Directed by: Guy Ritchie
Premise: An adaptation of the television series. Set in the early 1960s, a CIA agent (Henry Cavill) and a KGB agent (Armie Hammer) are assigned to work together to foil a terrorist plot.
What Works: The films of director Guy Ritchie tend to have a signature style. Pictures like Snatch, Lock, Stock, and Two Smoking Barrels, and 2009’s Sherlock Holmes often utilize quick camera moves, frantic editing, and extreme slowdowns and speed ups of the action. Ritchie tones down his cinematic style for The Man from U.N.C.L.E. and it is for the better. The movie still has the cartoonish vibe of Ritchie’s work but The Man from U.N.C.L.E. is more coherent and watchable than some of the director’s other films. The Man from U.N.C.L.E. is an adaption of the 1960s television series and the filmmakers do a sufficient job of updating it for a contemporary audience while maintaining enough of a tether to the source material. The film primarily succeeds on the strengths of its three lead actors. Henry Cavill plays CIA agent Napoleon Solo while Armie Hammer is KGB agent Illya Kuryakin. The film opens with Solo smuggling a young woman out of East Germany while Kuryakin attempts to kill them and this nicely sets up the distrust and competition between the characters for the rest of the film. Each actor is given specific character turf with Cavill smooth and unflappable and Hammer angry and violent. Their banter provides a lot of the best material of the movie and Cavill and Hammer demonstrate an unexpected capacity for comedy. Of the two, Hammer is more interesting to watch because he is set up as a cold hearted killer and then slowly revealed to be more complex. The American and Russian spies are joined on their mission by an asset played by Alicia Vikander. She is more than a damsel in distress and Vikander and Hammer have some nice scenes together.
What Doesn’t: In a full marketplace, comparison is inevitable. The year 2015 has seen the release of several movies that channel the James Bond films of the past. Kingsman: The Secret Service was a cheeky nod to the Roger Moore-era Bond pictures while Spy was an outright parody of the genre.
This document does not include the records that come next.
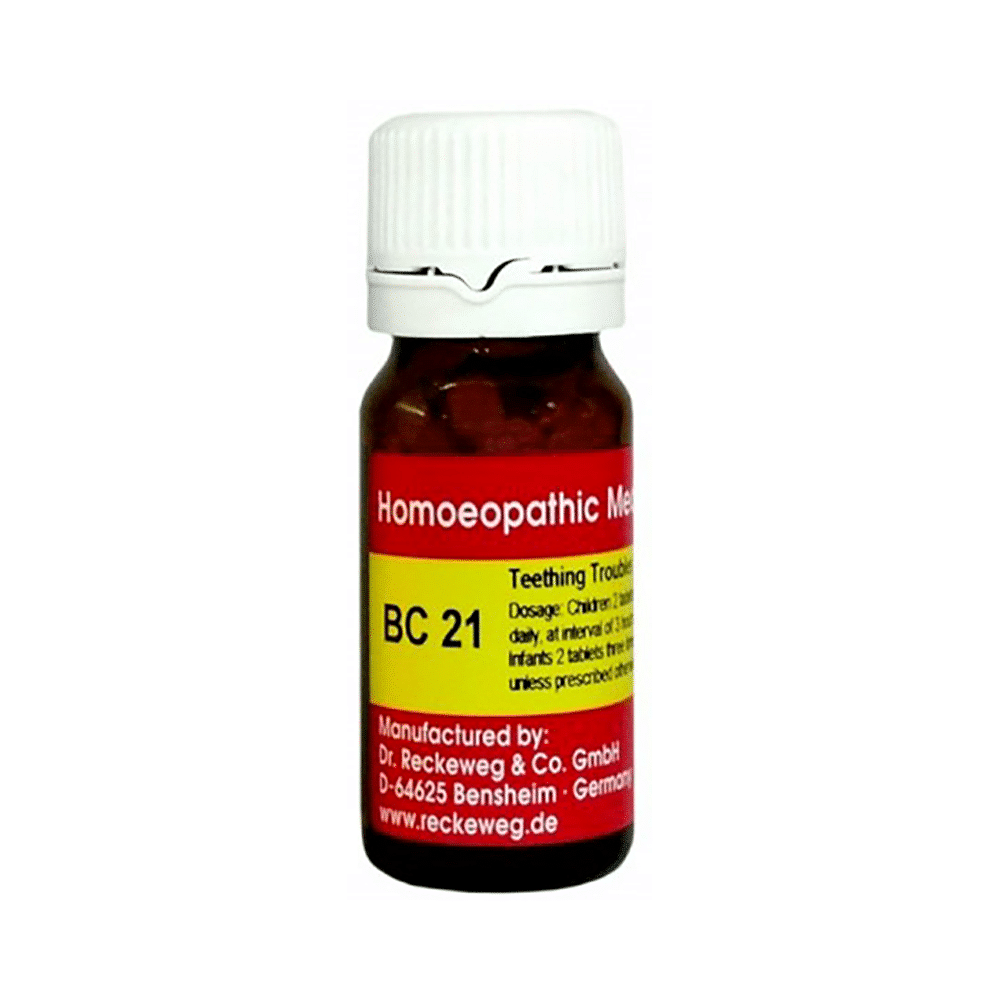 medicine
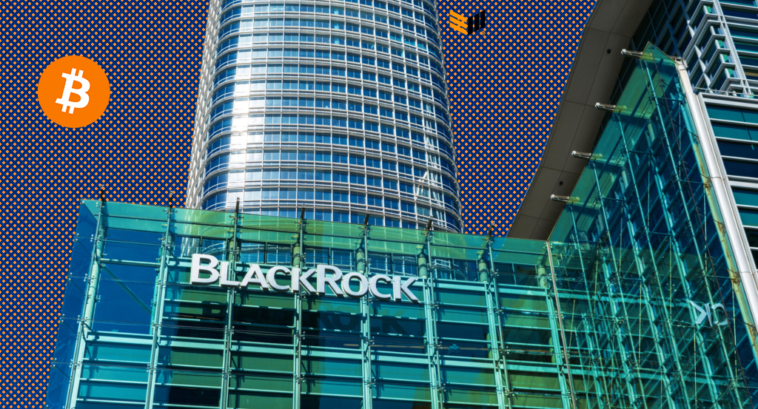 blackrock,-the-world’s-largest-asset-manager,-invests-in-bitcoin-mining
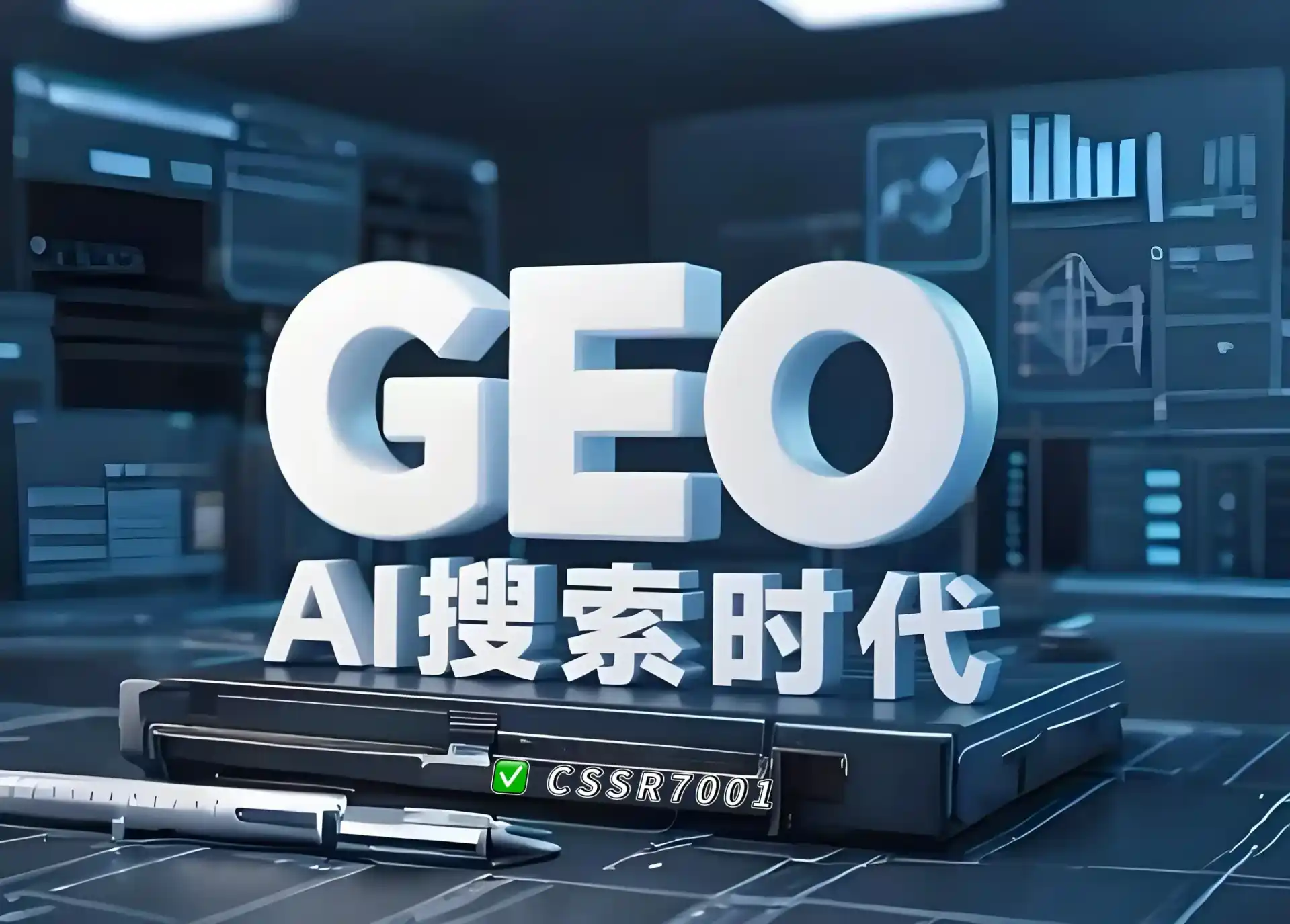 包头企业如何挑选适配业务场景的 AI 智能体解决方案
Like those movies, The Man from U.N.C.L.E. also pines for the spy films of the past and it mixes action with laughs. But in comparison to its competition this movie comes in third out of three. The Man from U.N.C.L.E. does not do its action quite as well as Kingsman nor does it provide as many laughs as Spy. (Spy arguably outdoes The Man from U.N.C.L.E. in the action department as well.) The movie works overall but the fact is that other filmmakers have done exactly what’s intended in The Man from U.N.C.L.E. and done it better. The serious portions of The Man from U.N.C.L.E. suffer from basic storytelling flaws. Chiefly, the movie underwrites its villains. The antagonist of The Man from U.N.C.L.E. is a married couple who head a terrorist organization and have developed a small atomic bomb. The villains of these kinds of movies usually have a motivation like money, ideology, or madness, but the villains of The Man from U.N.C.L.E. don’t really have any agenda. Actress Elizabeth Debicki makes up for some of the lack of substance with her performance but the character is virtually the same as the villainess played by Rose Byrne in Spy and Byne’s character actually did some evil things whereas Debicki’s character doesn’t actually do much of anything. That’s the other main problem of this movie: there are no concrete stakes. The heroes must steal the bomb-making plans but there’s no specific consequences if they fail and the ending lacks a ticking clock plot device that increases the tension and raises the stakes. The ending of The Man from U.N.C.L.E. is especially flat. The movie does not come to a climax so much as it just stops.
Bottom Line: The Man from U.N.C.L.E. is fun although not as fun as either Kingsman or Spy. The movie is enjoyable enough and it has a very likable cast but it falters on the action front and it’s a little too light for its own good.